We know that Lagrange Multiplier gives necessary conditions for an extremum.It locates all possible condidates.But not all such points need be extrma.
I want to find an example of the point is neither local maxima nor local minima,but It is well satisfied the Lagrange Multiplier Condition.
In 1D calculus, an example of a function $f : \mathbb R \to \mathbb R$ where $f'(x) = 0$ does not give a local max or min is $f(x) = x^3$. Inspired by that, try this example:
Let $g(x,y) = x^2y$ with the constraint $h(x,y) = x - y = 0$. Then $\nabla g - \lambda \nabla h = 0$ iff
$$2xy - \lambda = 0 \ \text{ and } x^2 + \lambda = 0$$
I.e., $2xy = -x^2$ or $x(2y + x) = 0$. Which with the constraint necessarily implies $x = y = 0$. However $g(0,0) = 0$ is neither a local minimum or maximum.

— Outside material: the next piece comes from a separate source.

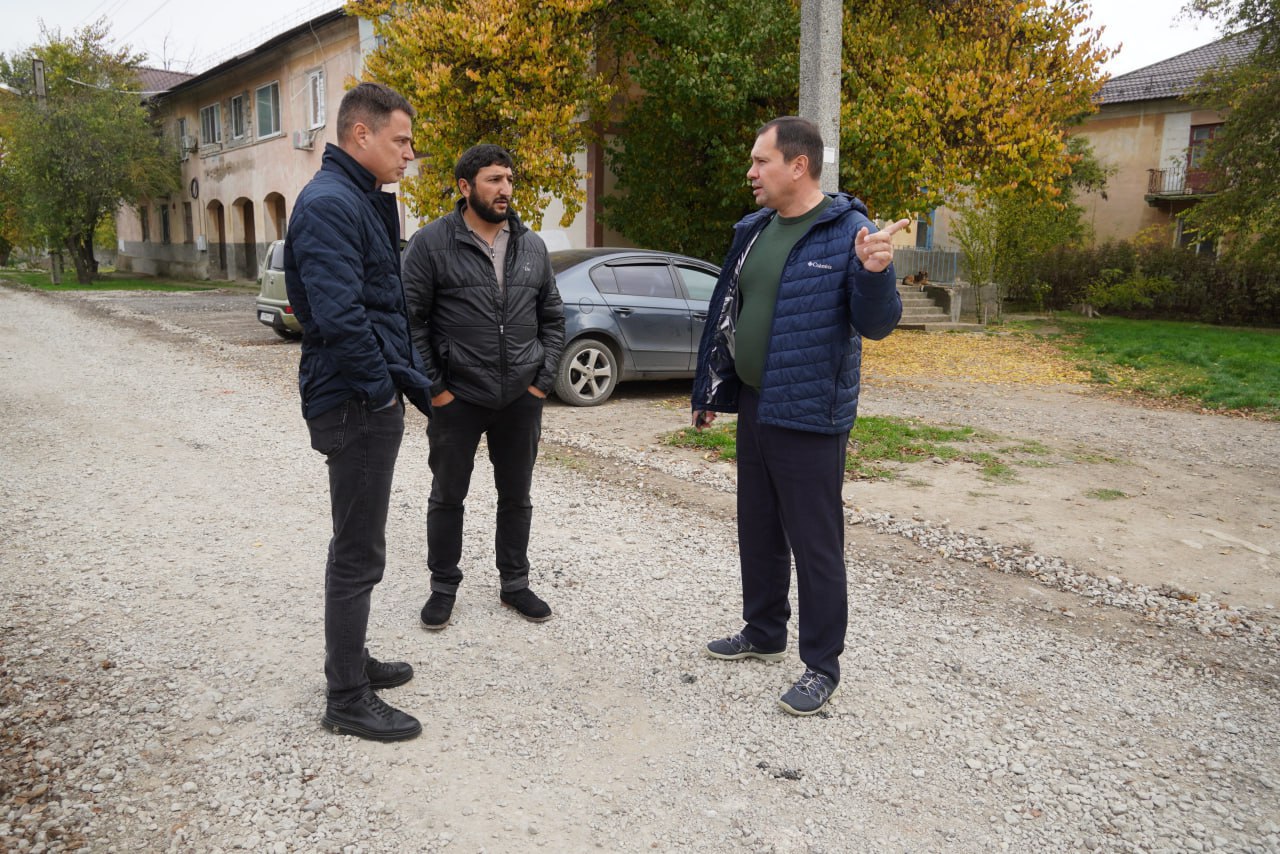 Компания ООО «Доринвест-Крым» завершила работы в микрорайоне Старый Стеклотарный, уложив около 2600 м нового полотна и обустроив тротуары на улицах Урицкого, Карташова, Лоцманской, Северной Компания ООО «Доринвест-Крым» завершила работы в микрорайоне Старый Стеклотарный, уложив около 2600 м нового полотна и обустроив тротуары на улицах Урицкого, Карташова, Лоцманской, Северной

For an example in higher dimensions, using the same inspiration:
Let $f(x_1, x_2, \cdots, x_n) = x_n$ with constraint $g(x_1, x_2, \cdots, x_n) = x_1^3 - x_n = 0$.
$\nabla f - \lambda \nabla g = 0$ iff $0 = -2\lambda x_1^2 = 1 + \lambda$ iff $\lambda = -1, x_1 = 0$. Thus $x_n = 0$, $f(x_1, ..., x_n = 0) = 0$. Which is again neither a local min or max.